Ensuite, des eaux venues du nord envahissent progressivement le bassin au Miocène. Des fossiles coralliens retrouvés sur la côte saoudienne attestent cette phase marine ancienne. Ainsi, le secteur devient un couloir biologique actif, relié au domaine téthysien puis proto-méditerranéen.
Entre 15 et 6,2 millions d’années, le bassin s’asphyxie, s’évapore puis laisse place à un désert de sel
Plus tard, l’équilibre se brise. L’évaporation domine, les échanges d’eau diminuent et la salinité extrême s’installe. Les dépôts d’évaporites s’accumulent pendant des millions d’années. Peu à peu, les organismes marins perdent leurs conditions de vie normales.
Les nouvelles analyses suggèrent ensuite un épisode de dessiccation profonde à l’échelle du bassin. Le fond marin s’expose, l’érosion rabote les reliefs salifères et un désert de sel remplace la mer. Ce basculement s’achève vers 6,2 millions d’années.
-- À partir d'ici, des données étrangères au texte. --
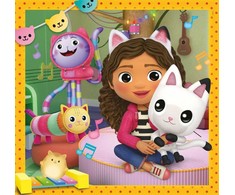 Clementoni Dėlionė 3x48 vnt. - Gabby's Dollhouse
Cet épisode s’inscrit dans le cadre plus large de la crise de salinité messinienne méditerranéenne. Toutefois, plusieurs mécanismes restent discutés. Les données convergent sur un point central : le bassin presque vide a subi une rupture majeure. Peu d’épisodes connus atteignent une telle brutalité.
À 6,2 millions d’années, un flot venu du golfe d’Aden perce les seuils volcaniques et relance la mer Rouge
Puis la situation change depuis le sud. Une crue cataclysmique venue du golfe d’Aden franchit les barrières volcaniques du détroit de Bab el-Mandeb. L’eau recolonise rapidement la dépression asséchée. Le bassin retrouve alors des conditions marines ouvertes à l’échelle géologique.
Les chercheurs associent ce retour de la mer au creusement d’un canyon sous-marin long d’environ 320 kilomètres. Ce tracé subsiste sur le plancher océanique. Surtout, cette reconnexion marque la première liaison durable entre la mer Rouge et l’océan Indien.
Ce passé extrême éclaire la science du bassin, mais il souligne aussi la vulnérabilité actuelle des récifs coralliens
Pour reconstituer ce scénario, l’équipe a croisé sismique réflexion, microfossiles et datation isotopique du strontium. Ces archives géologiques montrent une surface d’érosion majeure, puis un retour abrupt des carbonates marins. Ainsi, le signal apparaît sur une large partie du bassin.
L’étude propose aussi une chronologie resserrée. Selon les auteurs, la dessiccation, l’érosion puis la remise en eau auraient duré moins de 100 000 ans. En revanche, la restauration complète des écosystèmes a demandé bien plus longtemps.
Enfin, ce passé spectaculaire n’offre aucun réconfort automatique pour aujourd’hui. Les récifs coralliens mondiaux subissent déjà des vagues de chaleur, et les projections restent sévères. Ici, la Terre a changé sur des millénaires ou davantage. Désormais, le stress climatique se compte en décennies.